I mentioned already yesterday’s savage winds. Despite my flippancy, the storm made for quite an afternoon.
The strongest wind gust in the DFW area was about 62 miles per hour (100 kilometers per hour). Sustained winds hovered near there early in the day but finally calmed as night approached. It’s still windy today and remained so overnight; just nothing like yesterday.
The tempest and subsequent dust storm riding on its back wreaked havoc on local airports. Hundreds of flights were canceled, one plane trying to land at Love Field was blown off the runway, and those planes that did make it into the area reported major problems and concerns while trying to land. One flight at DFW airport overshot the runway and almost wound up duplicating the Love Field event.
I lost power early in the afternoon and didn’t get it back until early evening. While I don’t know the final tally, I do know the first report indicated almost 100,000 people were without power due to falling trees and downed power lines.
And there was structural damage. Some buildings in downtown Dallas had windows blown out, roofs were torn from houses throughout the area, traffic lights were blown from their perches and cast into the streets like so much refuse, and on and on it went.
At its worse, visibility was about a quarter of a mile (less than half a kilometer).
And woe was the person who stood outside too long. xocobra got it right when he said it felt like “sand peeling the skin off my face.” Sand and dust from desert areas blew in on gale winds of tropical storm strength, and that meant being out in it was like standing in front of a sand blaster. Only a few seconds were needed to be covered with it, left gritty and assaulted.
Breathing it likewise carried its own torment. Covering my mouth and nose helped with the larger particulate matter; not so much help with the fine dust also in the air. Any time outside left me with the taste of dirt in my mouth and the smell of it in my nose.
The worst part was that there seemed to be no way to protect my eyes. I don’t happen to have any sealed goggles readily available. Sunglasses minimized the direct attacks, yet they couldn’t stop it entirely.
In spite of my own protestations to the contrary, I did go outside to capture a few photographs of the event. Keep in mind taking pictures in a virulent dust storm is equivalent to taking pictures in heavy fog. With limited visibility, there’s limited scenery.

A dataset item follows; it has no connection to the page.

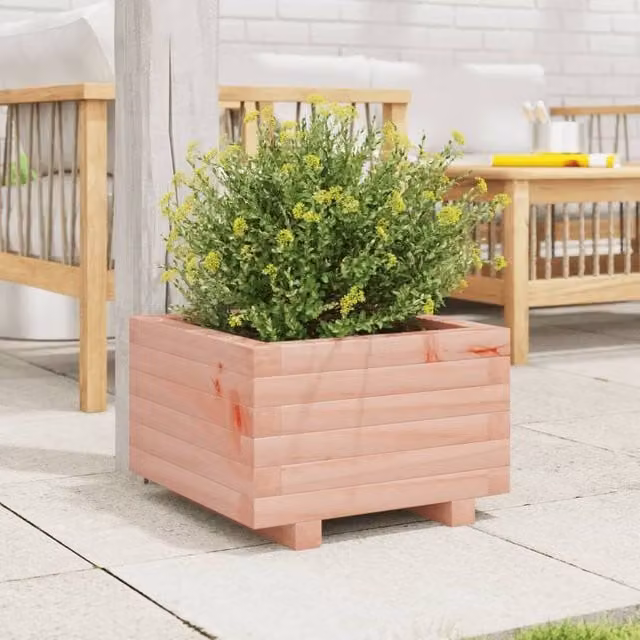 Berkfield Home Decorative Garden Planter Tub in Beige Wood, W/D/H: 40 x 40 x 26.5 cm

Besides, I minimized how long I stood out in it for the reasons I’ve already noted. I also didn’t think it was wise to keep the camera out in that soup for extended periods of time. Considering the grit and grime left on and in me, I can only imagine what it would have done to the camera had I lollygagged about as though I had not a care in the world.
I didn’t stray far from home. I walked to the nearest parking lot where I could get a clearer view—but also where I was as close to home as possible and could make a rapid escape back to the safety of indoors.
The first thing I noticed—and I’m sure the first thing everyone noticed—was the color of the sky.
Brushed with the ruddy, rusty hue of sand dunes at dusk, the sky darkened at midday as the first damask wave moved by and its older and redder cousin leaped upon the world.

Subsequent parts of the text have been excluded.